My plan is to use Behlen’s Rockhard finish. I can’t use shellac because it is likely to get a wine glass or two left on the surface. I picked Behlen’s because it appears to be a shorter-oil finish than Waterlox or Watco (which on a test of 4 coats didn’t appear to give sufficient protection). I have done a test with Waterlox (leftover from the previous project) to test the color change caused by the varnish. I like the warmth that the varnish is giving the wood. I will rub out the finish to a a semi-glass. I don’t plan on filling the pores other than what will happen when I sand between coats.
My questions are:
1) Is Behlen’s the right varnish to use? You seem to recommend it for applications where there is significant wear. I was hoping that it would better protect the wood from denting. I don’t have spraying capabilities.
2) You recommend a wash of shellac in a couple of your postings. However, you didn’t give a reason for that. Butternut has a habit of fuzzing. Will the shellac help control that?
3) On the brushes, I get very conflicting advice. You have written that a foam brush is sufficient but others advocate a very expensive brush. I have a lot of corners and crevices. I am concerned that the foam brush will cause pooling and bubbles when I try to work it into the corners.
4) Thinning. A couple of sources recommend cutting the first two coats of varnish (first by 50%, second by 25%). What does this help with?
Thanks for your time and advice.
Anna
Replies
Anna,
You didn't say what it is just a new project. What is it?
A finish will not stop denting. Limiting the impacts it takes will.
When I recommend wash coats it is often to help control the penetration of stains. At what stage are you talking about when you say "fuzzing" If a wood has a raised or fuzzy grain, a coat of shellac and a sanding when dry will cure that in short order.
Concerning brushes and anything else you can think of, there are always multiple opinions. I use foam brushes all the time for varnishes. If I have a small area that I want to draw the varnish into like a crevice or corner, I'll use a small flat artist brush. Simple! Someone else may tell you to use a $50 badger brush. It's up to you. The foam brush will lay off a nice coat of varnish. After you've brushed it on, you may see some small bubbles. Varnish is a slow drier and those bubbles will dissipate.
Why not get a couple of these foam brushes and try them out? You can read everything there is on finishing, yet experience is the best teacher. The are certainly cheap enough and you don't have to worry about any cleanup.
As far as thinning, again it's just a matter of opinion. If you were to hit the wood with waterlox first for the color it lends, that would effectively do the same thing. You could then do your varnish over this.
The theory behind it is to seal the wood with the thinned material. You could seal it with shellac if you'd like and then varnish. Just another way to do it.

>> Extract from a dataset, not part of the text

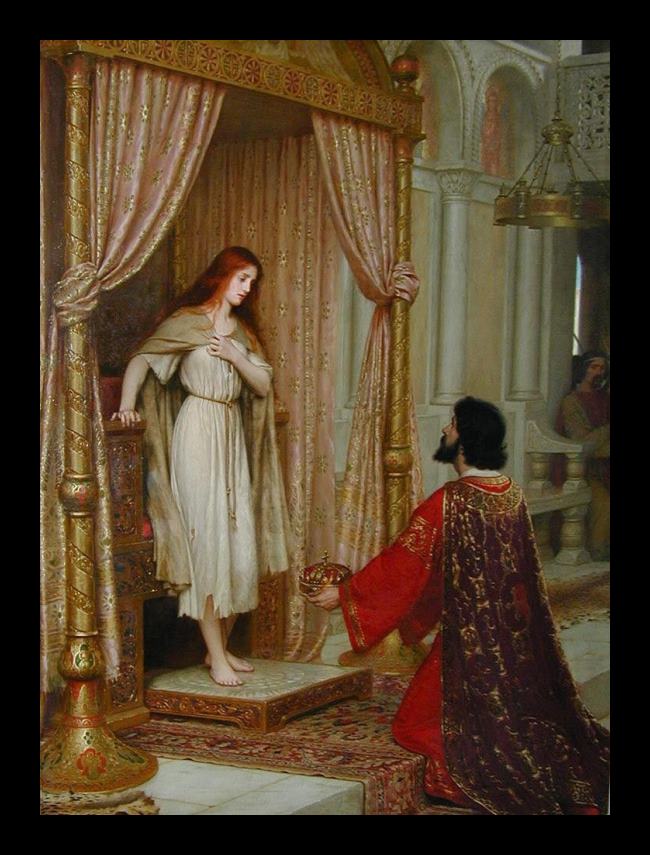 Framed Edmund Blair Leighton the king and the beggar-maid painting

Try doing some of the various techniques you asked about on sample boards. This will help you develop a feel for what each can offer. Nothing beats practice and experience.
Peter
Peter -
Wanted to thank you for the advice. The finish turned out beautifully and the foam brushes worked well. I rubbed out the finish so the few uneven spots were leveled out in the final pass. I will post a picture in a few days after I get the piece installed.
BTW, I built a trestle style desk in the Macintosh style.
Several layers of the behlens gave the surface enough "toughness" to reduce the easy denting that the butternut suffers from.
Anna
It's always good to hear things worked out. Thanks for letting me know.